Hold On...
/It’s no secret that I love everything prayer involves... I love visualization, meditation, contemplation, music, poetry, creativity, etc. And... today a song entered this sacred prayer space.
I was attempting to leave a place of pain through this prayer when the song began to play.
This song, Hold On, was my personal anthem for at least three years of my chemo treatment. It became my prayer. It revived my soul and it gave me strength. It was the 90s.
I know there’s pain
Why do you lock yourself up in these chains?

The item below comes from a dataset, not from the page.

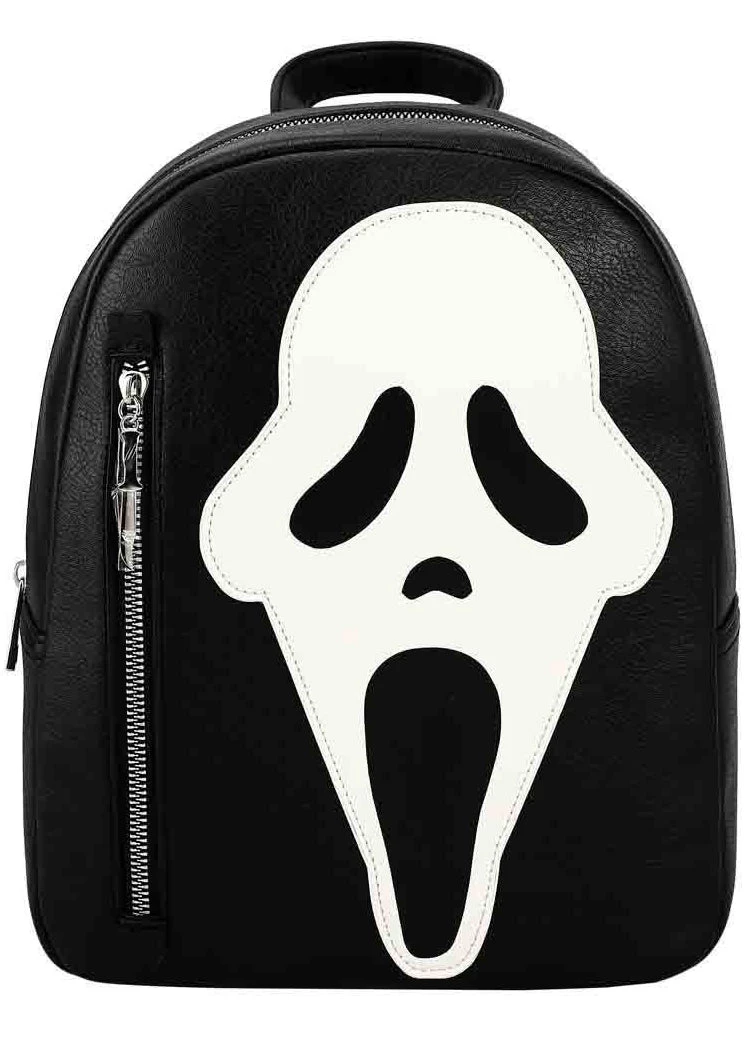 BIOWORLD X Scream Ghostface Glow In The Dark Mini Backpack New 4 BIOWORLD X Scream Ghostface Glow In The Dark Mini Backpack New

No one can change your life except for you…
Just open your heart and mind
Is it really fair to feel this way inside?
Don’t you know?
Don’t you know... things can change
Things will go your way
If you hold on for one more day…
You could sustain
Or are you comfortable with the pain?…
Don’t you think it’s worth your time
To change your mind…
Hold on for one more day cause
it’s gonna go your way…
Every word in this song gave me the strength to just keep going. To just keep believing. And I didn’t even need to live. I just needed one more day. As long as I held on just one day - everything would be okay.
I had my red blood cell t-shirt, like a million trolls, and THIS SONG.
And that was my field of AWARENESS.
Not the cancer, not the chemo, and not the isolation.
AND
I gave my ATTENTION to that awareness.
AND
That awareness grew.
As child I was naturally brave. I didn’t have to focus on my attention so much. I hadn’t “learned” that bad things could happen ... or that “bad things” could repeat themselves.
Today my awareness turned my attention to THIS SONG once again.
There were other things I could have given my awareness to... but then, right then... THIS SONG was the most intriguing.
So my prayer shifted.
I felt the rise and fall in the breath of my poem.
I had less attention for my pain.
The shackles fell with each sigh and I emerged in the presence of prayer... right in the midst of the mystery.